His gaze traveled down to the hands folded across the woman’s abdomen, where he studied the wedding ring she wore. Was it the ring he had saved up to buy and presented to her over dinner in Moscow? The tiny stone caused tears to form in his eyes. He looked away, studying the hair all matted and bloody, unrecognizable. But the teeth—her lips were cut away—perfect save for one eyetooth that stood forward. All Yulia.

He blinked away his tears, fighting the impulse to drop to his knees and dig with his hands and lift her away from the cold. But he knew Anchev was watching from the embassy, and Nikolai didn’t want to give him the pleasure of destroying a KGB officer turned spy. Instead, he came fully upright, a confident posture, his face that of a stolid KGB Colonel.

There was a more important reason to show no reaction. It was better for him to assume a mantle of innocence, of one who didn’t expect harm to come to a loved one. For he was the father of a one-year-old daughter, and if it was Yulia in the snow, and if the KGB had learned he was a double agent, Sasha would become an orphan. The Soviet Union would own her.

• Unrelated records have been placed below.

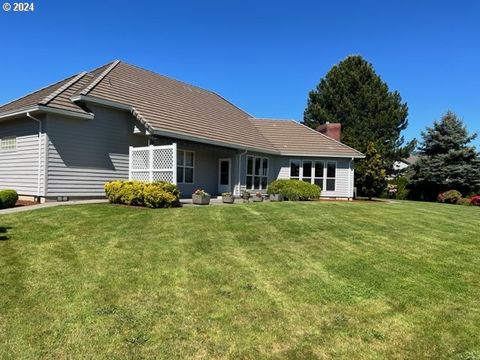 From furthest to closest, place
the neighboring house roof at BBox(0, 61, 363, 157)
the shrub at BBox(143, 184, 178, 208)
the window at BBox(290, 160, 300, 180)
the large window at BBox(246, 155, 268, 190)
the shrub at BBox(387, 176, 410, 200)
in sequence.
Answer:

He stepped away from the bodies and crossed his arms. He spoke to the London police as if directing them. This was for Anchev’s benefit as he studied Nikolai from his gaudy second-floor office filled with awards from the Party and photographs of him with Stalin—hidden away when visitors came from Moscow—him with Khrushchev, him with his wife mounted on her prize horse at their dacha outside Moscow. Nikolai hated him for his loyalty, yet admired him as well, though he would never admit it.

Nikolai said to the sergeant with the stripes on his coat, "You are definitely needed here. But it is still a Soviet investigation."

The nearby police officers shrugged. "Fine," said the sergeant, and he turned to leave, tugging his partner with him. "Come on."

"Wait," said Nikolai. His position in the KGB had nothing whatever to do with the investigation of homicides. He had no idea what came next, and Anchev hadn't appeared yet to direct him. "I didn't say to leave. We shall do this together."

The police stopped and came back. "We do this every day," said the sergeant. "This is our job. If you will go back to the sidewalk and take these other people with you, we will proceed."

He turned. All around, a crowd had collected, the jogger among them. One officer took her aside. Nikolai could hear him taking down her name and phone number. The sergeant became riled. "Get rid of the crowd!"

Nikolai shouted at them to move back onto the sidewalk but didn't approach them. Instead, he bent down and sat on his haunches to view the closest body.

He looked down at the ring again. Did it have his words inside? Yulia forever, Nikolai.

Anchev be damned, he could not restrain his hand as he reached out and brushed at the cover of snow. It was icy, but he saw enough. Her fingertips were missing.

"Bring dogs," he ordered the police. "We've fingertips to find."

Anatoly Anchev finally strode out the gate. As he drew near, he stroked his chin and hummed the Soviet National Anthem. It wasn't lost on Nikolai—Anchev was toying with him. "What little gift has someone left on the Soviet doorstep?" Anchev wondered aloud. "Who do we have, Colonel?"

Nikolai shook his head. "Nobody. We have nobody."